* _DATA SECTION_:
***
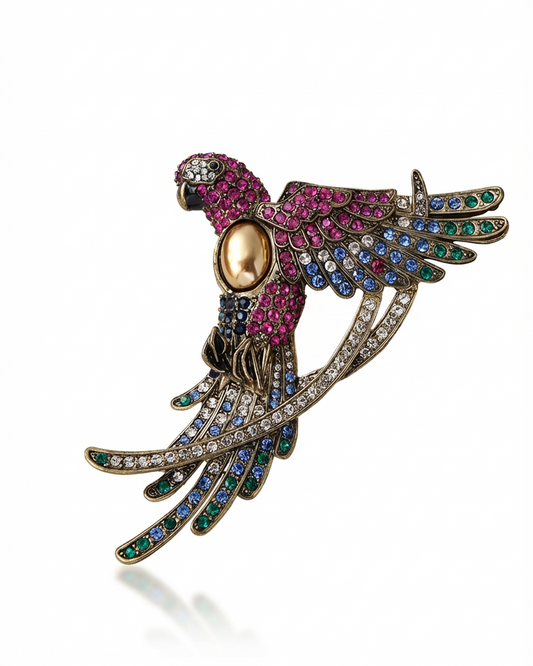 Decorative parrot brooch with gemstones on a white background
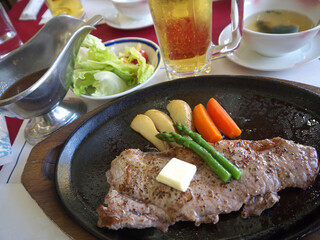 Japanese lunch set with sirloin steak served on iron pan, miso soup, vegetable salad and beer 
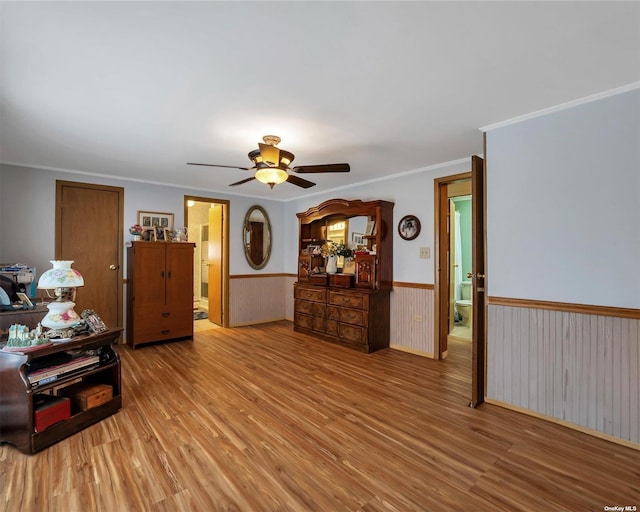 living room featuring hardwood / wood-style flooring, ceiling fan, and crown molding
***
All the data above is to be transcribed exactly, with no pictures included.

 Decorative parrot brooch with gemstones on a white background
 Japanese lunch set with sirloin steak served on iron pan, miso soup, vegetable salad and beer 
 living room featuring hardwood / wood-style flooring, ceiling fan, and crown molding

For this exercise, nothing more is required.